[[ TASK INPUT, beginning ]]

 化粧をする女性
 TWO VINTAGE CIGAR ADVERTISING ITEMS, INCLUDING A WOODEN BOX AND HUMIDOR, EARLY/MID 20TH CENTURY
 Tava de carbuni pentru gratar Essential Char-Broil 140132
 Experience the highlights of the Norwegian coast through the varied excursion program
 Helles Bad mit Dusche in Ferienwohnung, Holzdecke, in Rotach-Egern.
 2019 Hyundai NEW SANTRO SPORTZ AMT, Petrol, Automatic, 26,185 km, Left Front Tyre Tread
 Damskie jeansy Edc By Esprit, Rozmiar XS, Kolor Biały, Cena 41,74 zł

[[ TASK INPUT, end ]]

- [WHAT YOU ARE ASKED TO DO] Copy out each record exactly as given, omitting none.

- [OUTPUT OF THE EXERCISE]
 化粧をする女性
 TWO VINTAGE CIGAR ADVERTISING ITEMS, INCLUDING A WOODEN BOX AND HUMIDOR, EARLY/MID 20TH CENTURY
 Tava de carbuni pentru gratar Essential Char-Broil 140132
 Experience the highlights of the Norwegian coast through the varied excursion program
 Helles Bad mit Dusche in Ferienwohnung, Holzdecke, in Rotach-Egern.
 2019 Hyundai NEW SANTRO SPORTZ AMT, Petrol, Automatic, 26,185 km, Left Front Tyre Tread
 Damskie jeansy Edc By Esprit, Rozmiar XS, Kolor Biały, Cena 41,74 zł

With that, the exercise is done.